◆ Scraped caption text data
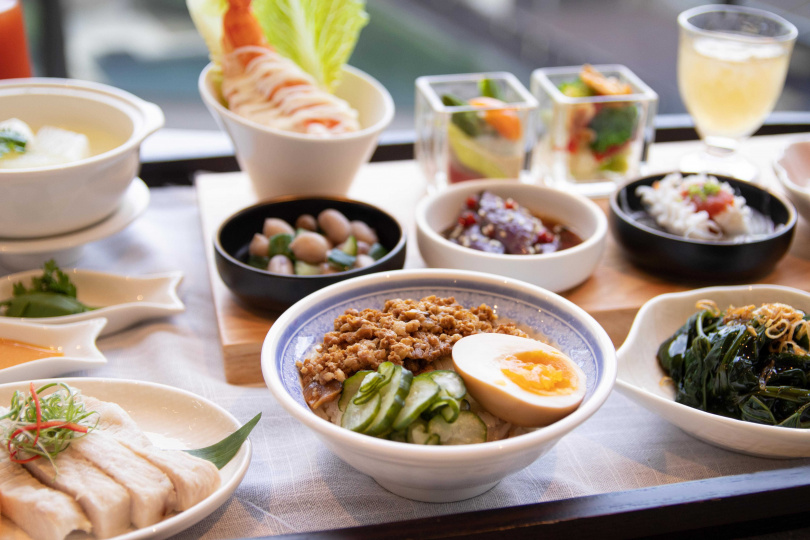 雍翠庭新款台式早餐以台南肉燥米糕為主體，點綴台式辦桌時常出現的鮮蝦沙拉，展現熱情友好，一早就擄獲貴賓的胃。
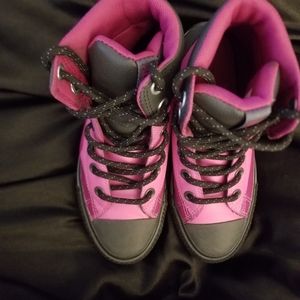 Converse leatherTennis shoes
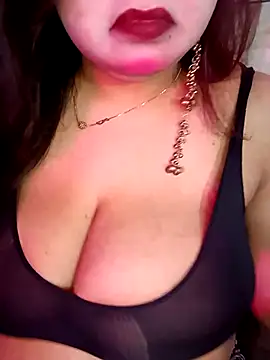 Suhanakhan00 online show from 19, 6, 2026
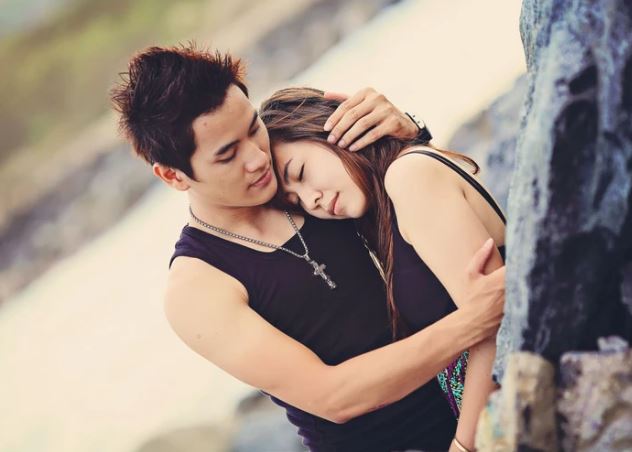 Nghe tin bố mẹ vợ đòi ly hôn, tôi và vợ tức tốc đến nhà hỏi thăm nhưng vừa thấy cảnh hai ông bà phân chia chỗ ở, vợ chồng tôi nhìn nhau cố nín cười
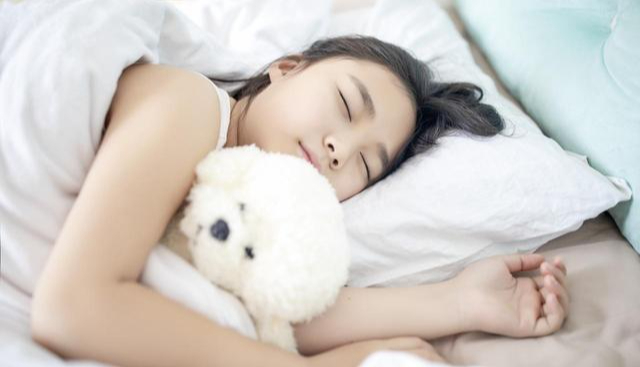 Đi ngủ lúc 10 giờ tối có sai không? Bác sĩ khuyên: Sau 60 tuổi, hãy thử làm 5 điều này khi ngủ - Ảnh 4.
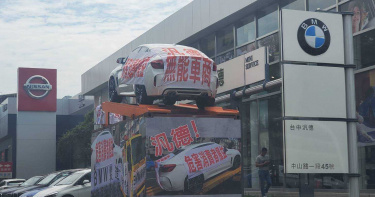 砸7百萬買豪車卻狀況一堆 車主叫吊車放在貨櫃上抗議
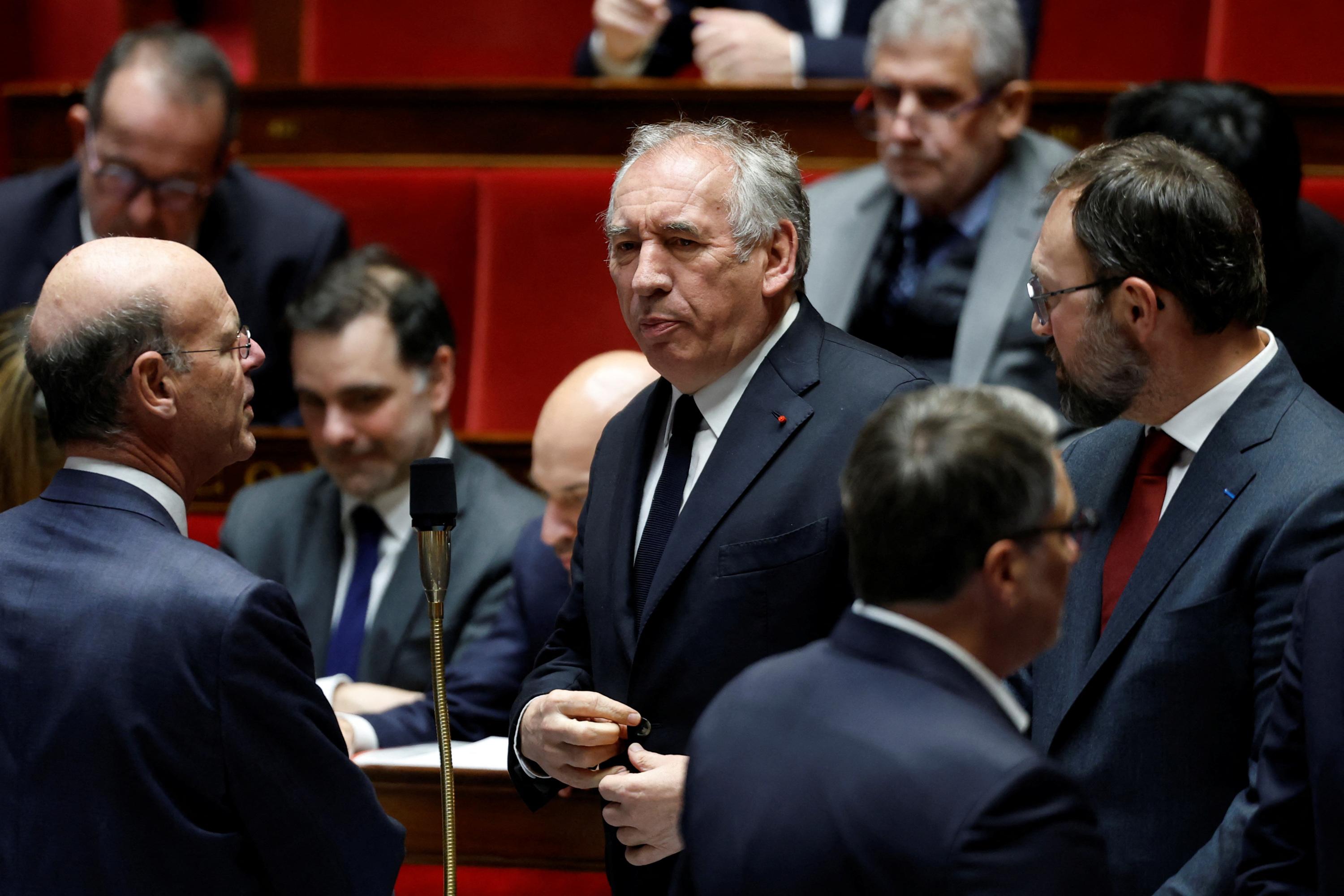 Éducation nationale: François Bayrou confirme être «prêt à renoncer» à la suppression de 4000 postes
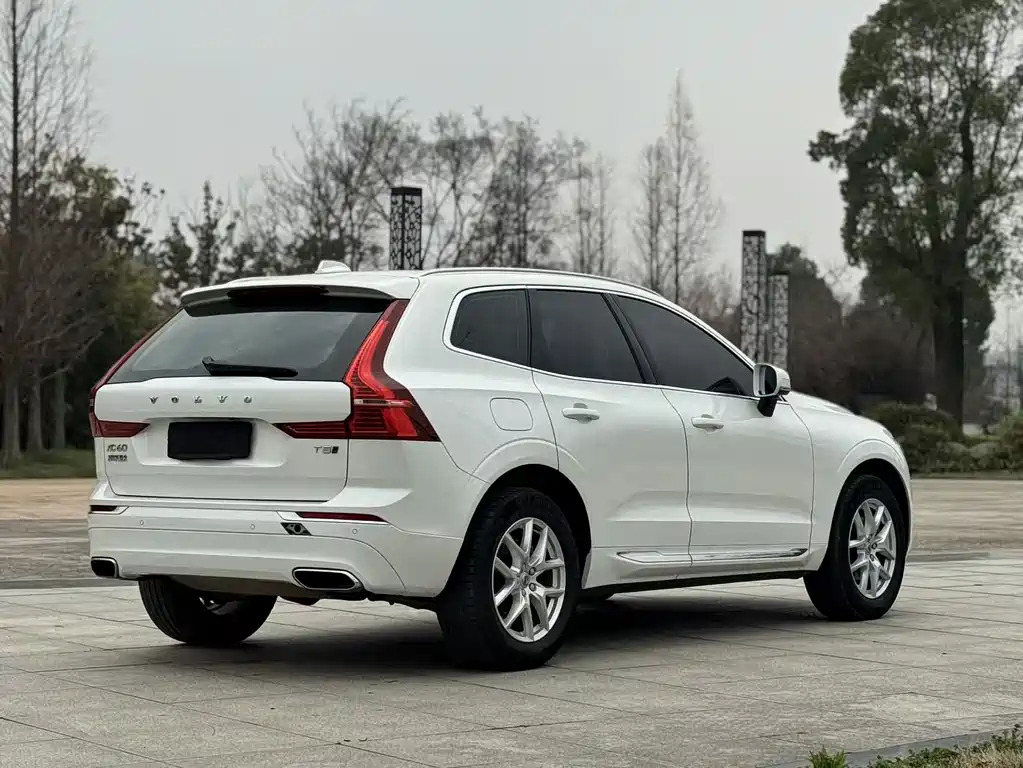 Volvo XC60 2021 T5 four-wheel drive Zhiyi Luxury Edition купить на сайте DeffCars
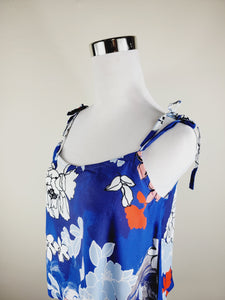 TANK TOP WITH ADJUSTABLE STRAPS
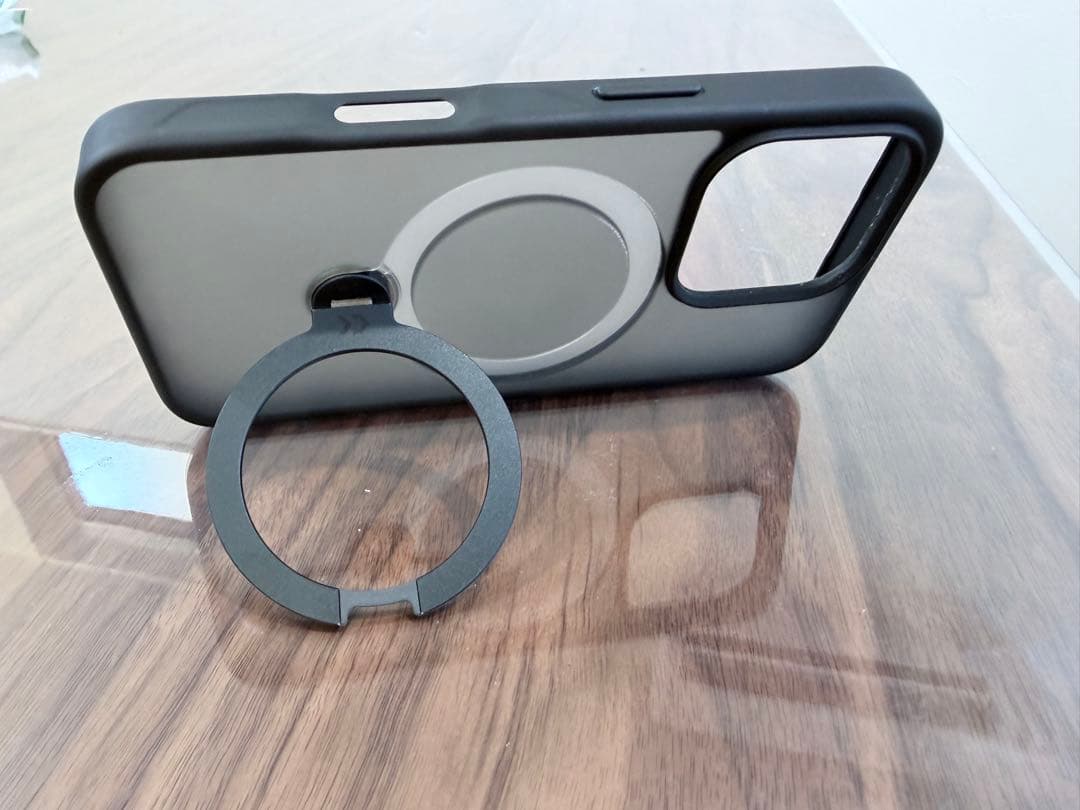 iPhone16Pro 128GBブラックチタニウム バッテリー100%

◆ Work order
From the line with "Volvo XC60 2021" down to the end of the entries, retype each line exactly as written, but drop the pictures.

◆ Task response
 Volvo XC60 2021 T5 four-wheel drive Zhiyi Luxury Edition купить на сайте DeffCars
 TANK TOP WITH ADJUSTABLE STRAPS
 iPhone16Pro 128GBブラックチタニウム バッテリー100%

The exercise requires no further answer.